**WORK REQUIRED:**
Set the listing down unchanged, minus every embedded image.

SUPPLIED INFORMATION START

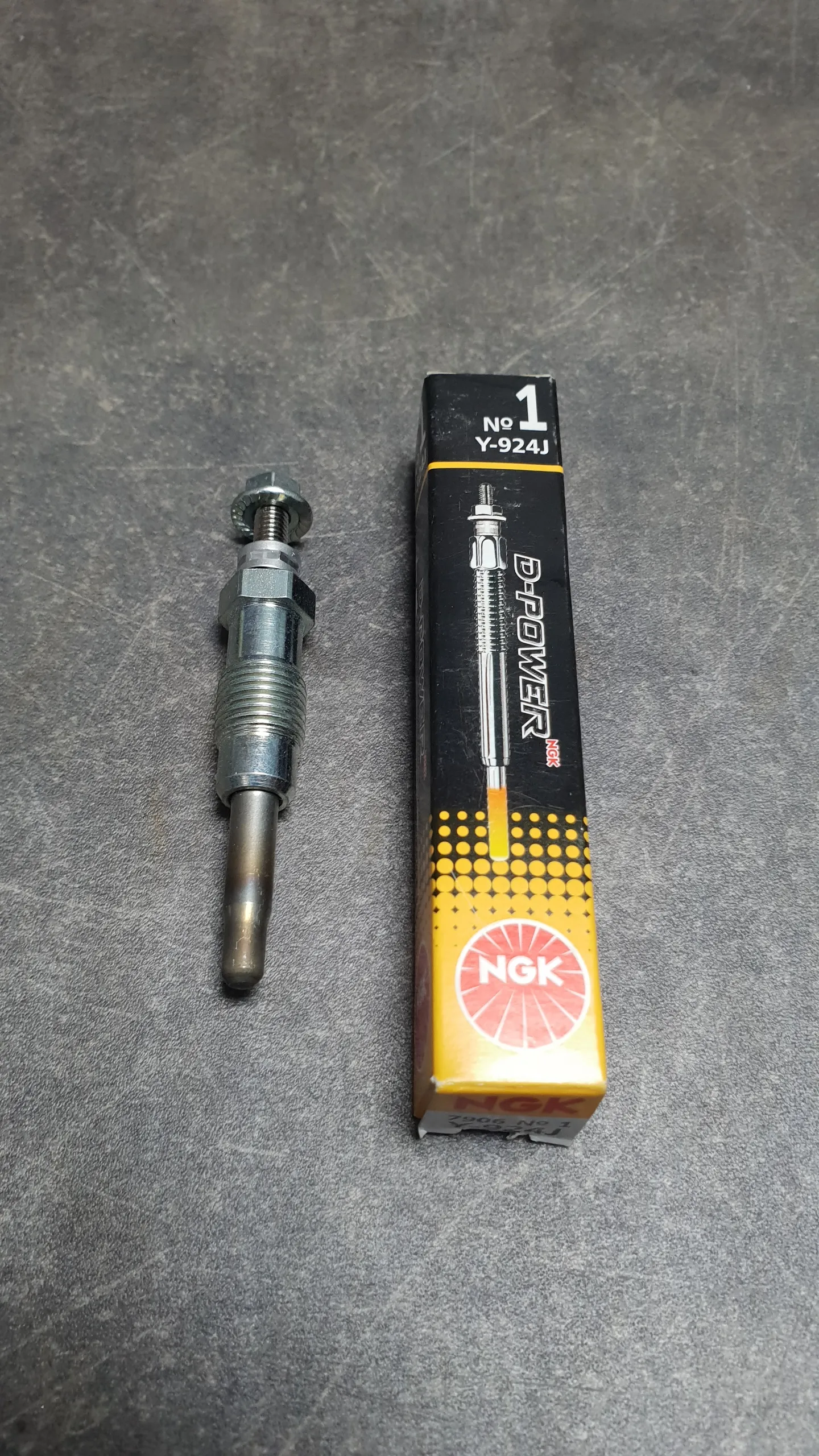 Свеча накаливания M41,M51,M21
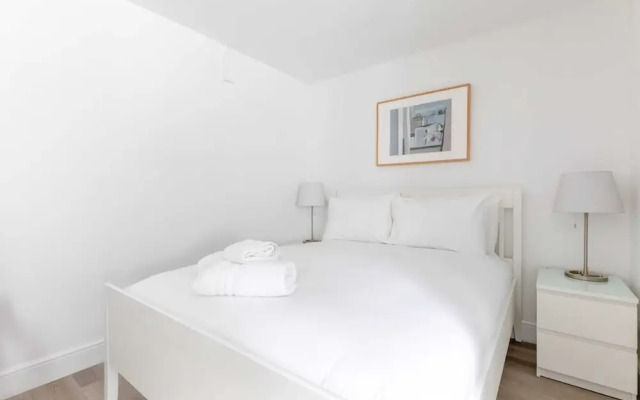 Sleek & Well-connected Studio Flat Archway!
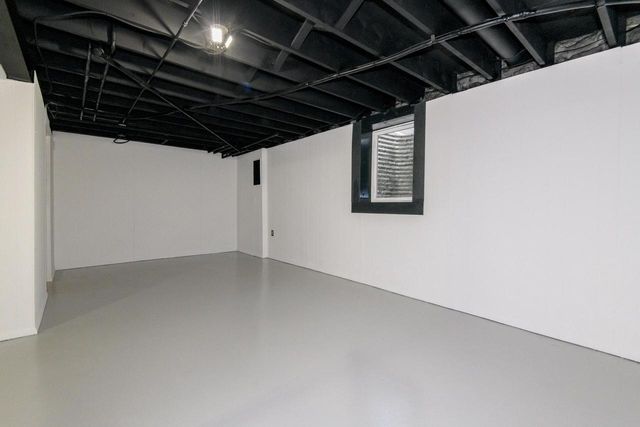 S66W12582 Somerset DRIVE, Muskego, WI 53150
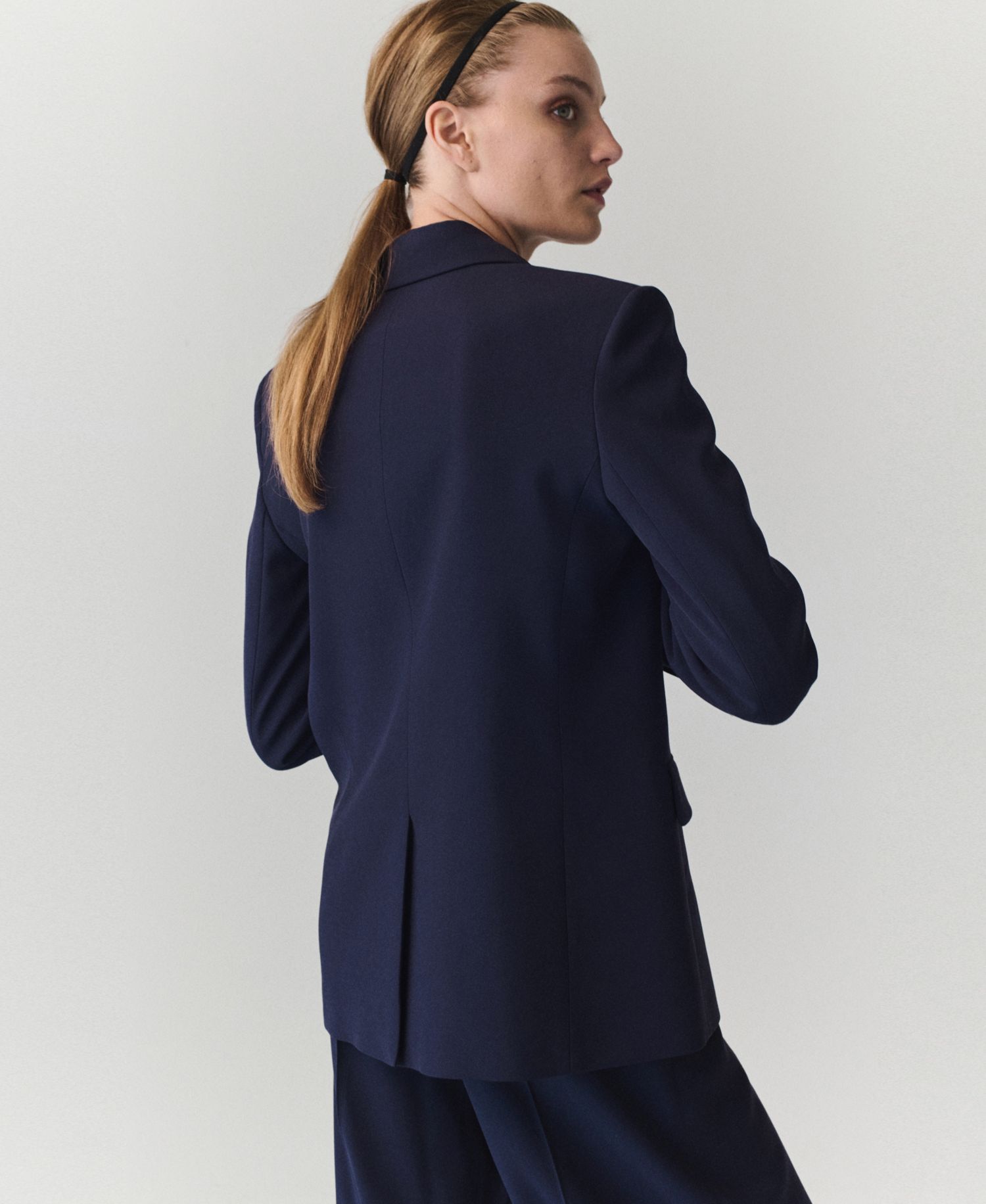 Women's Straight Work Blazer With Flap Pockets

SUPPLIED INFORMATION END

**OUTPUT OF THE EXERCISE:**
 Свеча накаливания M41,M51,M21
 Sleek & Well-connected Studio Flat Archway!
 S66W12582 Somerset DRIVE, Muskego, WI 53150
 Women's Straight Work Blazer With Flap Pockets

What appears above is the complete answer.